On Thu, 14 Apr 2005, Hector Santos wrote:

CSV requires far more of an infrastructure change

Huh? It requires no changes to email routeing or addressing, just the
publication of a few records in the DNS. This is much less of a problem
than SPF.

Come on Tony.  CSV's client FQDN requirement mandates change across the
board, including MUAs, MSAs, MTAs and MDAs, as well to satisfy the chain of
trust in order to effectively work.

No one can dispute this.  If this wasn't the case, maybe more than zero SMTP
systems would of implemented it by now, at the very least for R&D!

SPF has following and allows for R&D because it absolutely requires far less
of an infrastructure and operations change.  If that was not the case,  we
probably would had not explored it and eventually implement it in the first
place.

Please note I am not implying SPF is better or worst than CVS conceptually.
SPF has its issues. But if you ask me, an SMTP commerical vendor eager to
implement ideas that will work, CSV was investigated and simply doesn't cut
it for me.   It will only work well when everyone begins to use client FQDN
across the board.  It makes no sense if a MUA/MSA transaction is CSV ready
when the MTA or transition hops or the MDA doesn't support it. It might
reject the transaction based on SPF or something else!

CSV still suffers from a chicken and egg problem

Not really. Certain common kinds of forged spam are detected by a
single-site deployment of CSA, which means it will deal with about 5% of
junk even before network effects start to occur.
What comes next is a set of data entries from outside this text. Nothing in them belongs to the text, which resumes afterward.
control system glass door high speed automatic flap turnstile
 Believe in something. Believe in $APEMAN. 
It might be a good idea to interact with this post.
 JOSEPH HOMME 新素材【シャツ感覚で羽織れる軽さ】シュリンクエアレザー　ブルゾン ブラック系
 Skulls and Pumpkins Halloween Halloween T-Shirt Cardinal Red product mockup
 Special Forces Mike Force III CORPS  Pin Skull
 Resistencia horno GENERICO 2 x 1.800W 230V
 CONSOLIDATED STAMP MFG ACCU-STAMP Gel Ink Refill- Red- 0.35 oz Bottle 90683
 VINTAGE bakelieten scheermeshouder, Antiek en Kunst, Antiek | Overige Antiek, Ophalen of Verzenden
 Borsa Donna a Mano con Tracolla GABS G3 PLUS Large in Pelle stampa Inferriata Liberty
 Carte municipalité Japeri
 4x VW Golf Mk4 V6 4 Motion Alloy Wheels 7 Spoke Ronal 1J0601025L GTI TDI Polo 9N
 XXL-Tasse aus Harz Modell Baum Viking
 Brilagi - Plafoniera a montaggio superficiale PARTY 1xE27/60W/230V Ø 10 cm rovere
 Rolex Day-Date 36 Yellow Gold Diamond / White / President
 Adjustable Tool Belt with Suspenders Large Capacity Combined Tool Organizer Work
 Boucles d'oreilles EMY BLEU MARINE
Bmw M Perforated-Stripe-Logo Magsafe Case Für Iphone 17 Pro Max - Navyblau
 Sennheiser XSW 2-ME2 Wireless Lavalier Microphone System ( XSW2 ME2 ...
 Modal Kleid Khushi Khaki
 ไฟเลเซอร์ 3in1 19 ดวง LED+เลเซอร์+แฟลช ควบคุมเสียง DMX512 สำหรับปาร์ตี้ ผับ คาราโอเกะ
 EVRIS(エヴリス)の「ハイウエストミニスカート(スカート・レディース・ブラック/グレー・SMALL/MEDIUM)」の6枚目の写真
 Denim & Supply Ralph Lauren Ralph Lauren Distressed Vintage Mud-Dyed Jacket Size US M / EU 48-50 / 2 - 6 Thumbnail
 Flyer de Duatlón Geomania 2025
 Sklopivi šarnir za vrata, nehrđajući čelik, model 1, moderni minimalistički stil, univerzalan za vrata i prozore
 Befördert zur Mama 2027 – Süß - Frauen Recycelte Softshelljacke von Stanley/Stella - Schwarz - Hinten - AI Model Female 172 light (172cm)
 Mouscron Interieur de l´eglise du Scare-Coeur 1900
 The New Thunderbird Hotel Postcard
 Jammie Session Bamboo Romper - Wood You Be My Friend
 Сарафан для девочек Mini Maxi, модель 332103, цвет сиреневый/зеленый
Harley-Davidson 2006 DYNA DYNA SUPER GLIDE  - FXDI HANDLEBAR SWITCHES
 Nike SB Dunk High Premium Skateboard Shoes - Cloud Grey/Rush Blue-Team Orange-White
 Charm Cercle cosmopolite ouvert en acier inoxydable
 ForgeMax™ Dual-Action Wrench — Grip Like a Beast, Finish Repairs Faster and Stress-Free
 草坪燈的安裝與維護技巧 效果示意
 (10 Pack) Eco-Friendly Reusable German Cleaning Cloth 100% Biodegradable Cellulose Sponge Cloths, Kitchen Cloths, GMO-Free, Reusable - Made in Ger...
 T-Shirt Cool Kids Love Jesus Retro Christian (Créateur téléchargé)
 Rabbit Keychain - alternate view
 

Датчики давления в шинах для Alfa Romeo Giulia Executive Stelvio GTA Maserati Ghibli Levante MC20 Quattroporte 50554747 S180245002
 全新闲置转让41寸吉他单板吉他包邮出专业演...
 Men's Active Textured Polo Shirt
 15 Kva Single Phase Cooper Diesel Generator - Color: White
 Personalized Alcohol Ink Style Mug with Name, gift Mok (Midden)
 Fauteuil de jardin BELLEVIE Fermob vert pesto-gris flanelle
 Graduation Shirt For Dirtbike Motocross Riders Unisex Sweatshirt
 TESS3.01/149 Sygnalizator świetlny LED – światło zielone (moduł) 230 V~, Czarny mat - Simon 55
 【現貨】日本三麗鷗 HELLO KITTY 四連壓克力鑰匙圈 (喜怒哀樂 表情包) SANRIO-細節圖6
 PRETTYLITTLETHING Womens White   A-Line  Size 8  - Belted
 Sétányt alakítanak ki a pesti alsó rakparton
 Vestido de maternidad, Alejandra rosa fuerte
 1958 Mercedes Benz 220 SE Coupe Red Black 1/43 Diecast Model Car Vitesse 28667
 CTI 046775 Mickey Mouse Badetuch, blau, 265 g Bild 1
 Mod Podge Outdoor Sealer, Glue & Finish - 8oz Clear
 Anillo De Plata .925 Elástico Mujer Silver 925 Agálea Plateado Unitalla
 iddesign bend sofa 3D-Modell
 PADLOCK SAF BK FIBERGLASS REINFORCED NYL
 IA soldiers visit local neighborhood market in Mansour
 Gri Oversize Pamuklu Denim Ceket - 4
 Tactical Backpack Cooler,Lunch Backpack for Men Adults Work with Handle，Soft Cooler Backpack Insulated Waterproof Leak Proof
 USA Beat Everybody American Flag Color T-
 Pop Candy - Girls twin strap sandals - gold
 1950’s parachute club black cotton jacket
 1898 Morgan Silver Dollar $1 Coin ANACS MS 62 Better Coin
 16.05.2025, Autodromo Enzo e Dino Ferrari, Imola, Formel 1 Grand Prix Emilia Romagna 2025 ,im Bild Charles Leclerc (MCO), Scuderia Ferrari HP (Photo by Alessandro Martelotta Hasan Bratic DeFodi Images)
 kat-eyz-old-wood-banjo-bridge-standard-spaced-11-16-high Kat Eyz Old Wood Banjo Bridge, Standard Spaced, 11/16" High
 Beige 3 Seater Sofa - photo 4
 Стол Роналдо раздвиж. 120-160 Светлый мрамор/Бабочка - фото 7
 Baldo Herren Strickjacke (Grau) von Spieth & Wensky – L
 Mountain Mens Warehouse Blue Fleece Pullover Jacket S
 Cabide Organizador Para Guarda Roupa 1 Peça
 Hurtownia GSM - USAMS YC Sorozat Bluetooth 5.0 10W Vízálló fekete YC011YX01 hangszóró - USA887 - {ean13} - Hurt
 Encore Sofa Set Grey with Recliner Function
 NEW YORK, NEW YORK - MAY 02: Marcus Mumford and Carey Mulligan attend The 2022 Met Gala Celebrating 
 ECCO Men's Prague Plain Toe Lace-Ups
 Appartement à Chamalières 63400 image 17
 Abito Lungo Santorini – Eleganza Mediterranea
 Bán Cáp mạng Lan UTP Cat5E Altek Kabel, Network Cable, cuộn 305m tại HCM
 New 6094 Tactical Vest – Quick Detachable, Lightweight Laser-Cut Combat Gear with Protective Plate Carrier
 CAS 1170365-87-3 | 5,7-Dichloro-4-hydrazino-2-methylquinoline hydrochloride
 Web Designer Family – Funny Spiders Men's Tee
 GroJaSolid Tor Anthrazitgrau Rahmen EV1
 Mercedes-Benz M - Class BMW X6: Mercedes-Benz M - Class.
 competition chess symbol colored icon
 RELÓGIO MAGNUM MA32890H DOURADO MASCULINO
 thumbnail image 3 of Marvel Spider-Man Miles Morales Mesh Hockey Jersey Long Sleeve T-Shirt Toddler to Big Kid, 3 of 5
I'm talking about implementations barriers.

How about ESMTP AUTH state machine conversation issues?

How about 80% of all transactions being spoofed or NXDOMAIN at the returned
path?

How about 50-65% of all transactions being having invalid forwarding paths?

Please don't use the same old opinion these are BCP related issues. Its not.
They are very important issues in this new era.  No longer BCP in my view -
but a requirement for proper email security operations.

--
Hector Santos, Santronics Software, Inc.